|Sniper Elite loses multiplayer servers, "Rebellion not consulted" over decision|
|Posted: 10.12.2012 14:55 by Simon Priest||Comments: 17|
Developer Rebellion confirms that Sniper Elite's multiplayer servers through Gamespy are no longer running, but not by a decision reached themselves. GLU Mobile pulled the plug 'without consultation'.
The studio had been paying the third-party so Sniper Elite fans could "play online for free," which they've been doing for the past seven years. GLU have targeted other older titles too, like SWAT 4.
Star Wars: Battlefront, the first two Neverwinter Nights titles and Microsoft's Flight Simulator X have all lost their place on Gamespy's servers, now owned by GLU Mobile.

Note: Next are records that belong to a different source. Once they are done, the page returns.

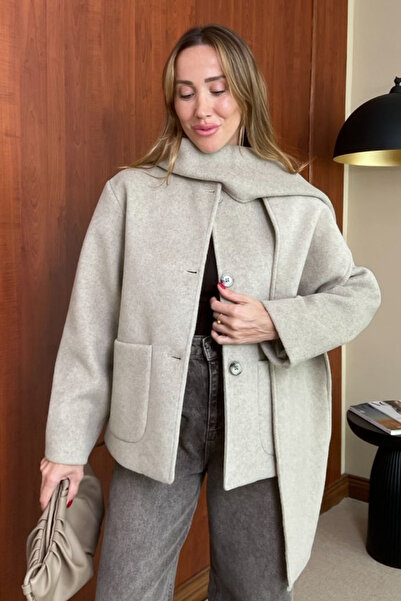 Butik Modana Atkılı Kaşe Kaban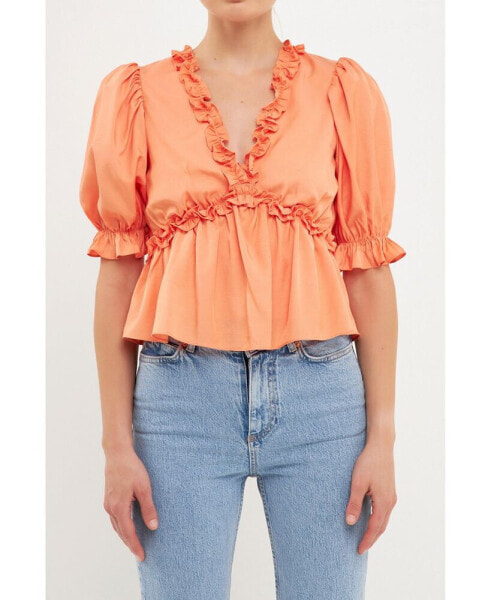 Women's Ruffle Detail Top with Puff Sleeves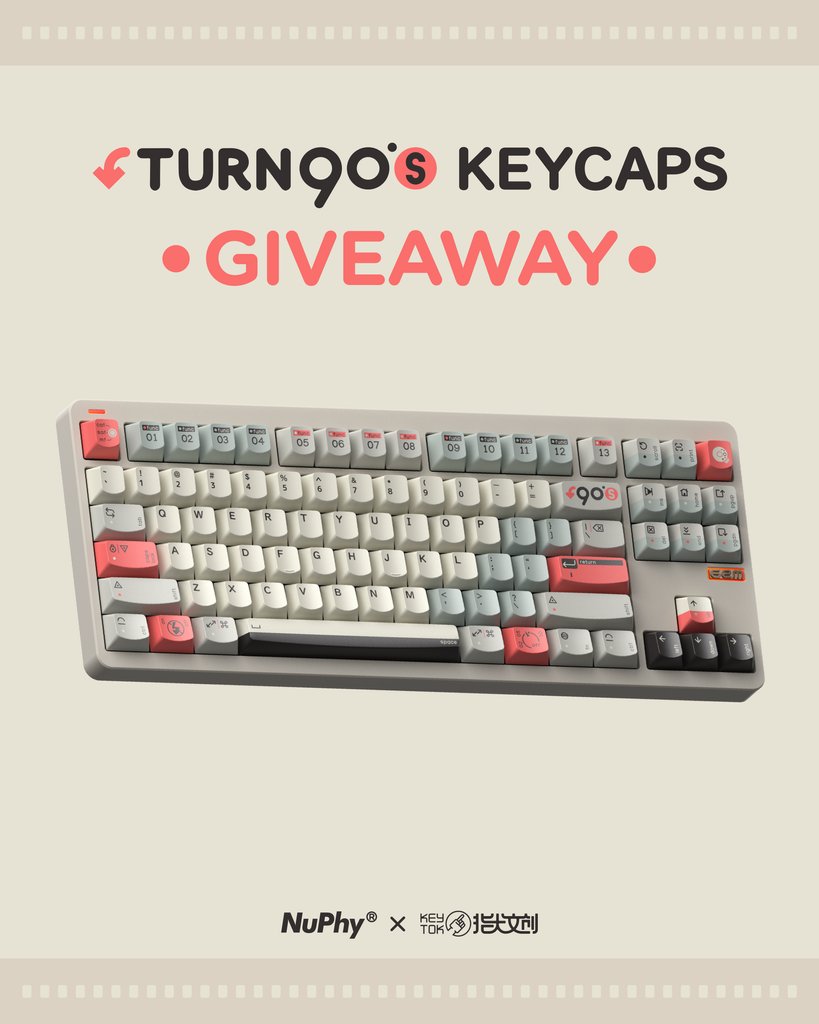 🎁Turn to 90's Keycaps Giveaway!⁠ ⁠ To enter:⁠ 1. Follow @nuphystudio;⁠ 2. Like the post and repost it;⁠ 3. Tag 2 best friends in the comment. ⁠ Winners: 2 Prize: 1 set of Turn to 90's keycaps⁠ Date: April 24 - May 10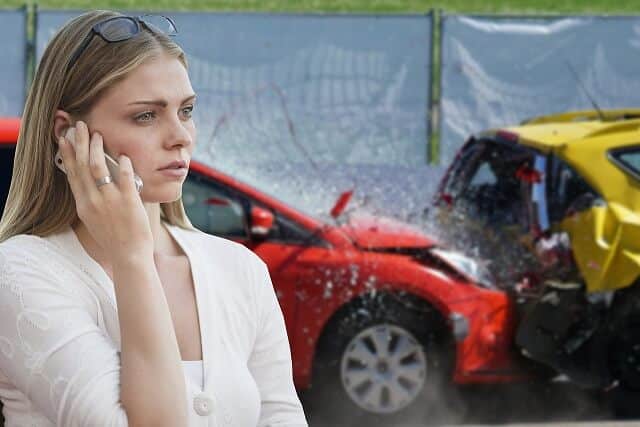 Car Crash Woman calling car accident attorney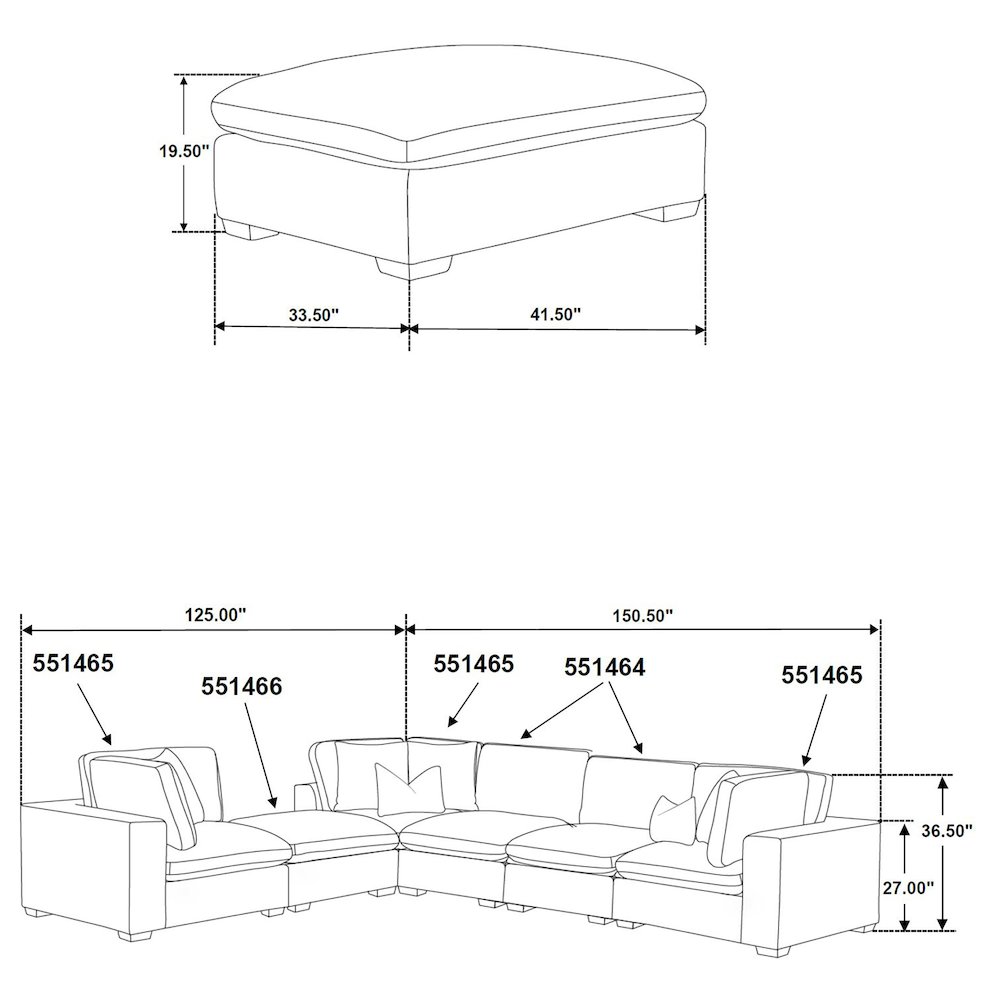 Lakeview Rectangular Upholstered Ottoman Dark Chocolate. Picture 6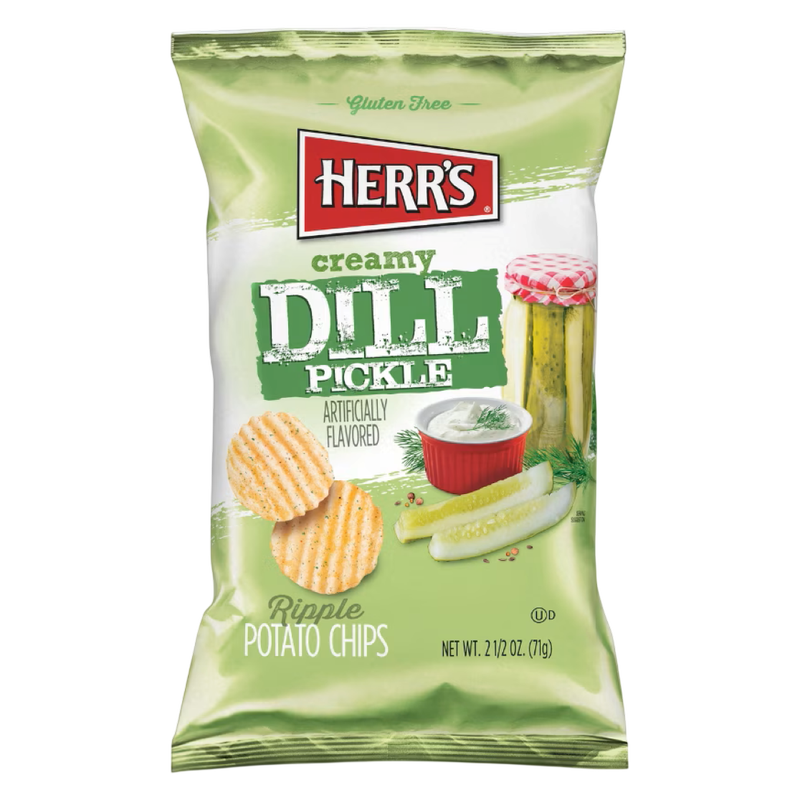 Herr's Creamy Dill Pickle Ripple Chips, 2.5oz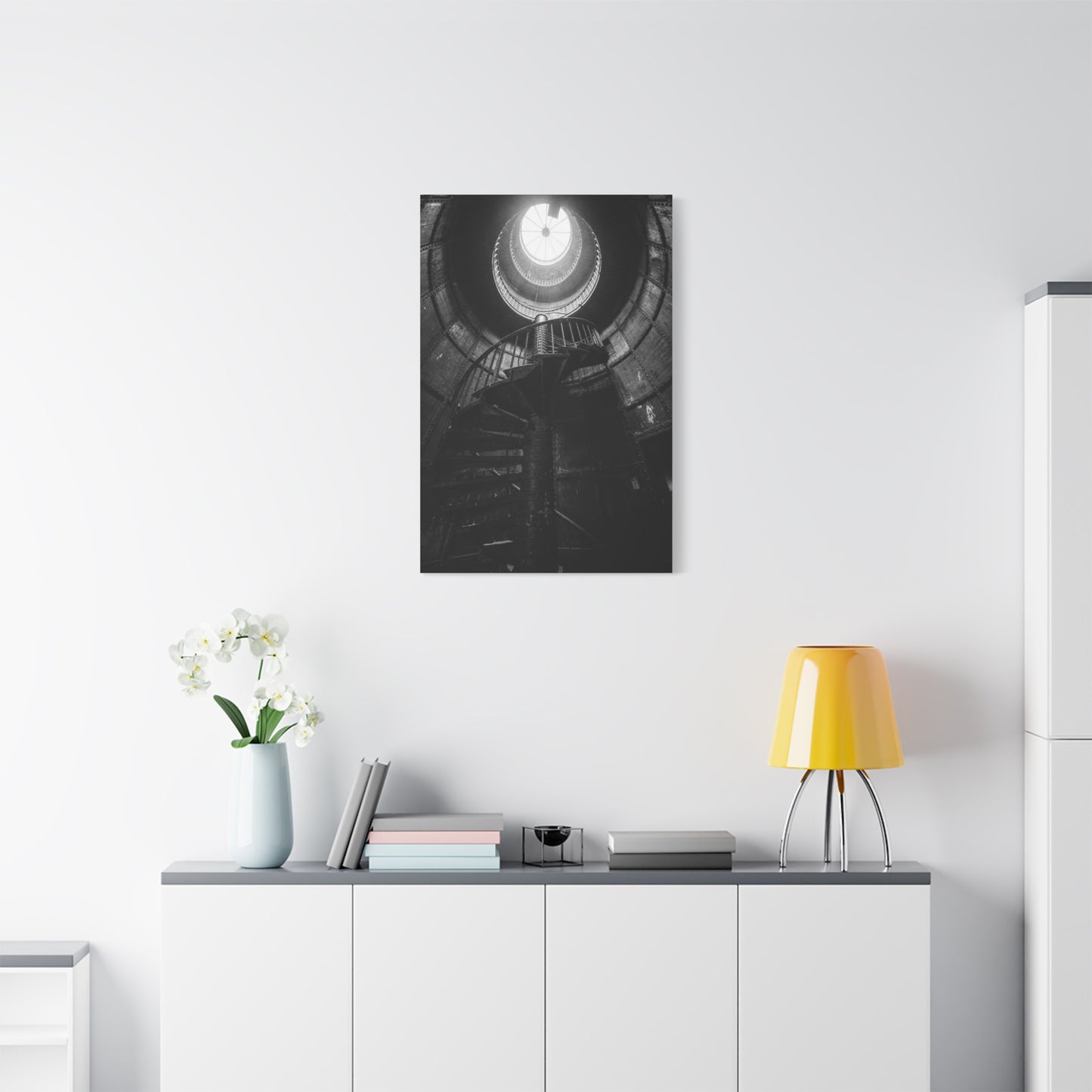 Black And White Spiral Staircase Canvas Wall Art - Architectural Art Print, Industrial Contemporary Style, Moody Home Decor, Home Office Wall Art, Living Room Accent - Modern Farmhouse Style
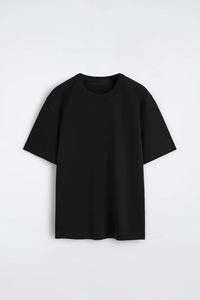 T-shirt en coton noir à manches courtes et col rond pour homme, coupe classique, couleur unie, tricot jersey décontracté - Product Image 2
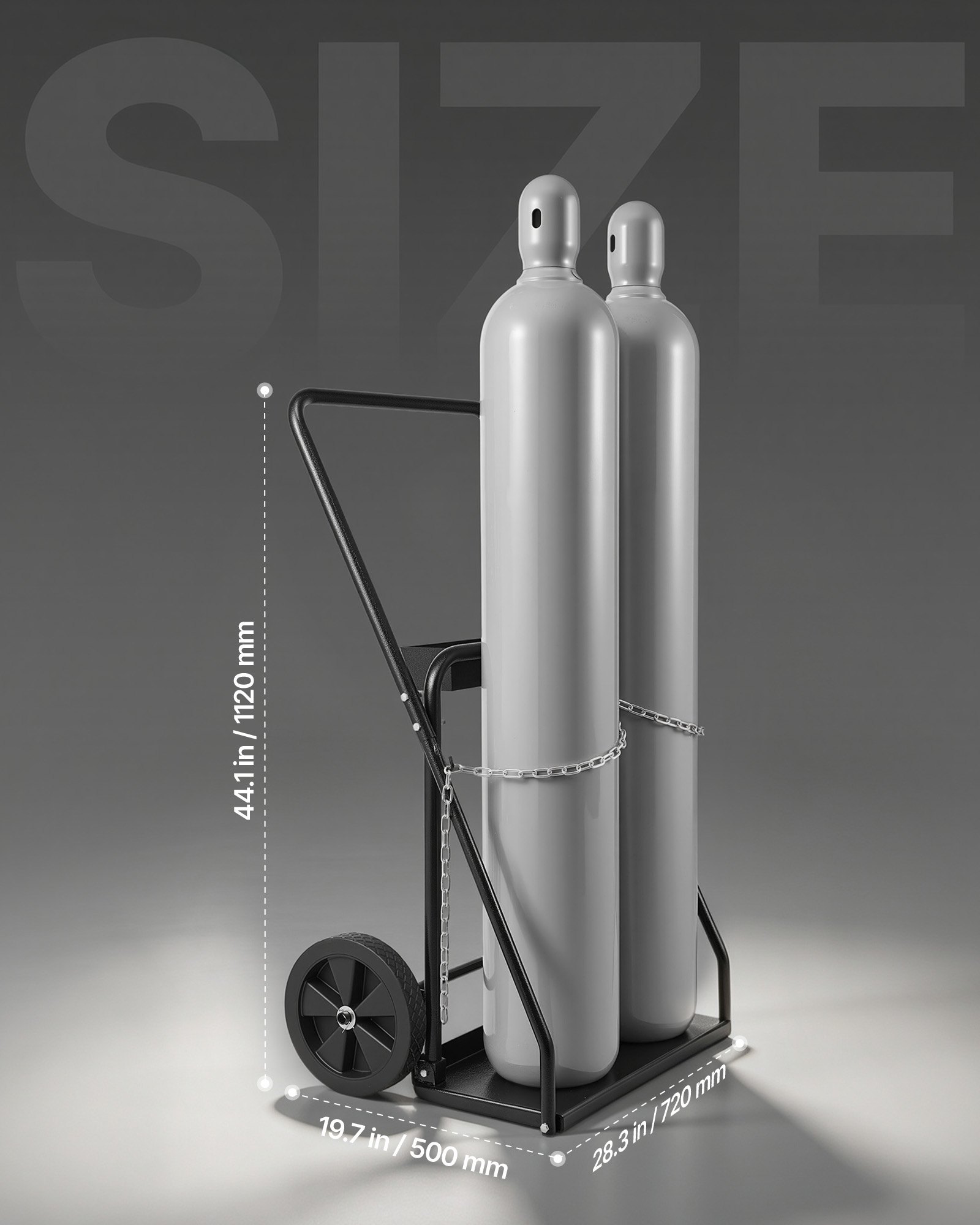 VEVOR Dual Welding Cylinder Cart, Oxygen Acetylene Tank Cart with 440LBS Static Weight Capacity, 10-Inch Solid Wheels and Tank Storage Safety Chains, Suitable for Double 12.5-Inch Dia. Gas Cylinders
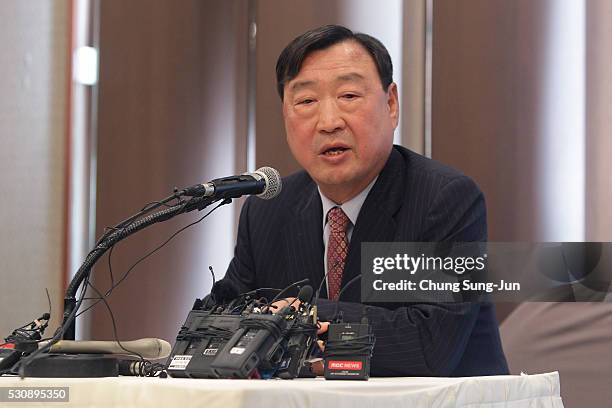 Newly elected President of the PyeongChang Organizing Committee for the 2018 Olympic and Paralympic Winter Games , Lee Hee-Beom speaks at a news...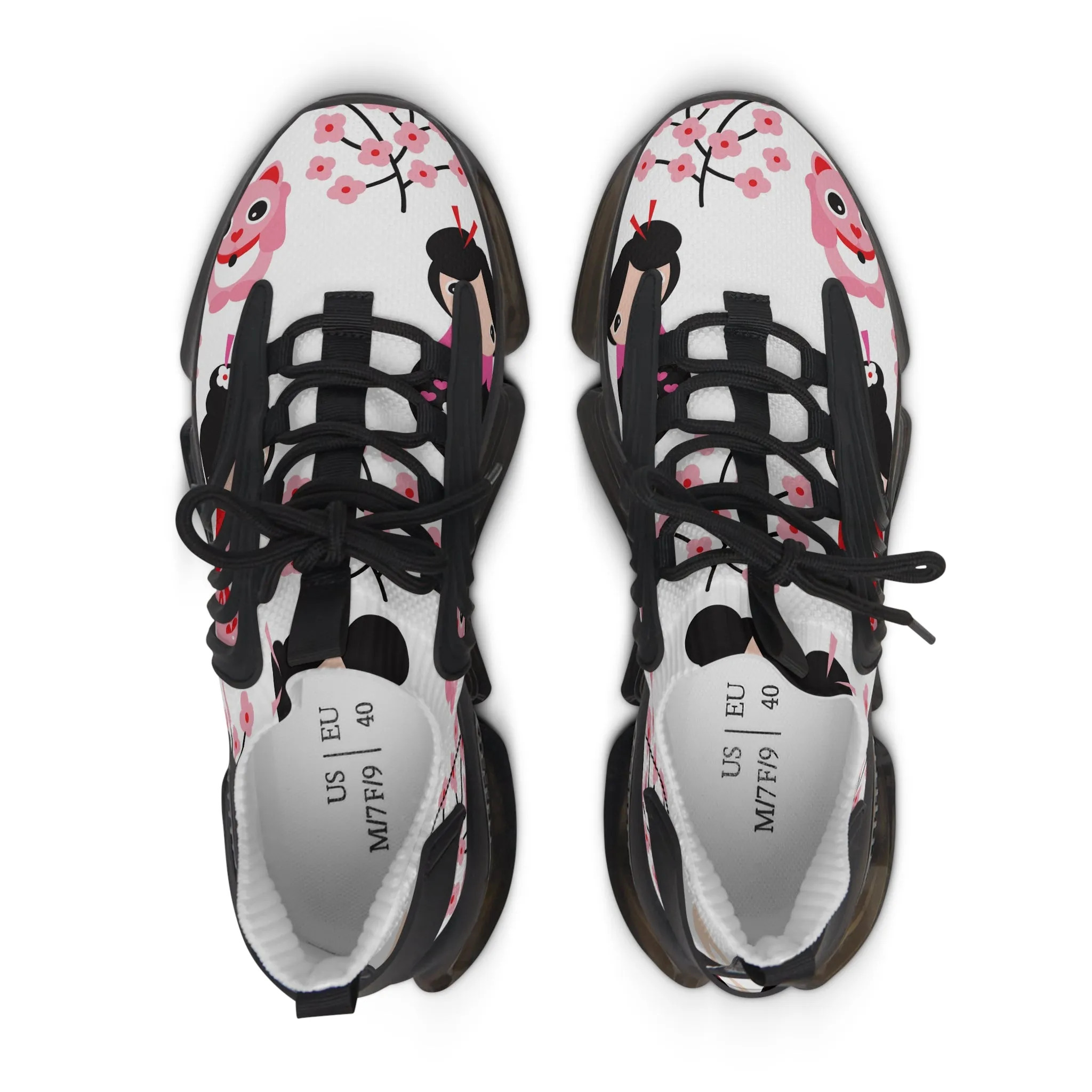 Floral Women's Mesh Sneakers - Cute Panda and Cherry Blossom Design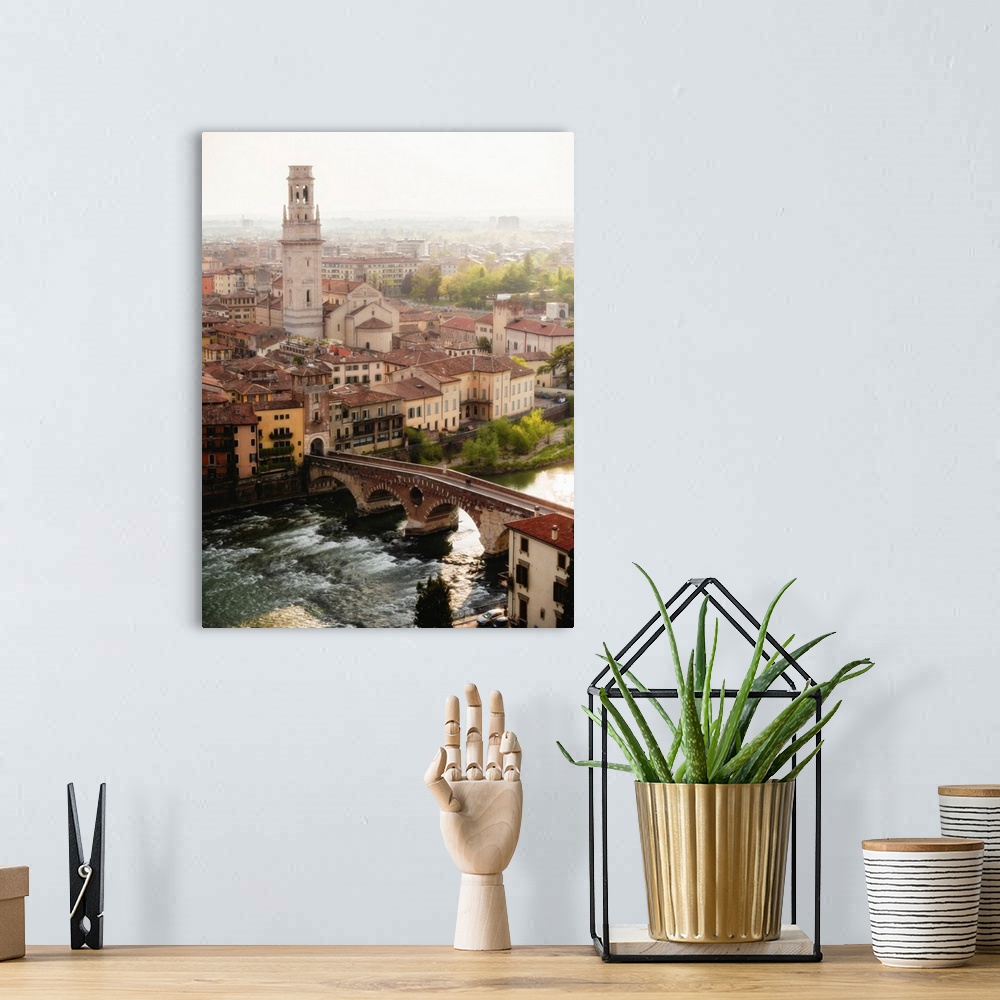 A bohemian room featuring View of Ponte Pietra from Castel San Pietro, Verona, Veneto, Italy, Europe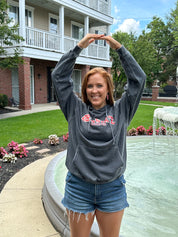 college girl wearing Everybody Hoodie in Charcoal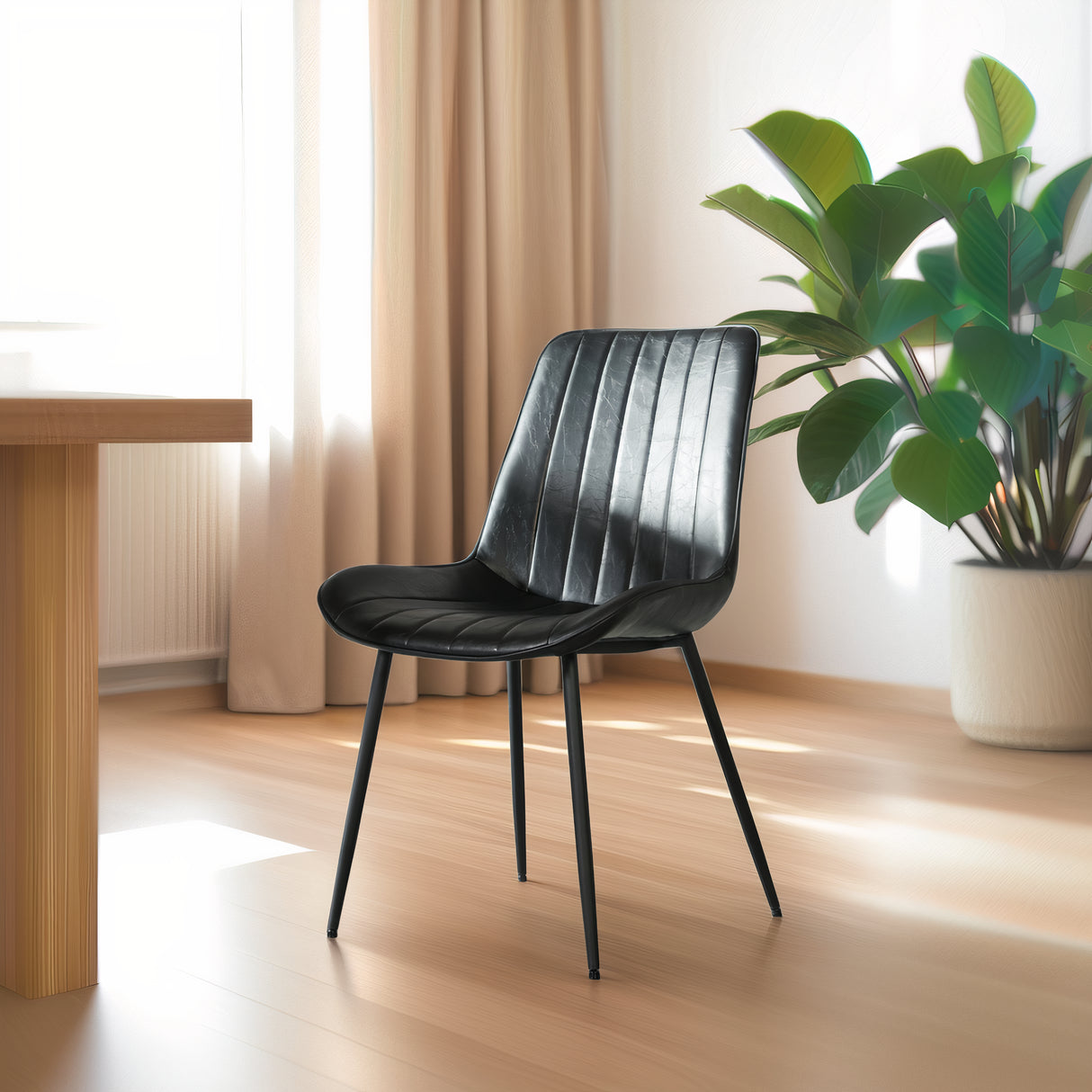 CASSIA Leather Chair, Black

"A few weeks ago, the online multiplayer servers for Sniper Elite were suddenly switched off by Glu, the third-party service we had been paying to maintain them," said Rebellion in a statement. "For the past seven years we have run these servers at a cost to ourselves so that fans of Sniper Elite could continue to play online for free."
"This decision by Glu was not taken in consultation with us and was beyond our control."
The studio has tried to get the servers back up and running by the rates have skyrocketed compared to what they had been paying. As an independent outfit they simply can't afford to keep the Sniper Elite online service going.
"We have been talking to them since to try and get the servers turned back on. We have been informed that in order to do so would cost us tens of thousands of pounds a year—far in excess of how much we were paying previously."
"We also do not have the option to take the multiplayer to a different provider. Because the game relies on Glu and Gamespy's middleware, the entire multiplayer aspect of the game would have to be redeveloped by us, again, at the cost of many tens of thousands of pounds," continued Rebellion.
"While we are not happy about the situation, as an independent developer we simply do not have the resources to pay the massive costs of new servers along with redeveloping a seven-year-old game."
The reason for the upset is, that while not many would have been still playing the games online, there could have been a warning to the loyal few who remained instead of such an abrupt end.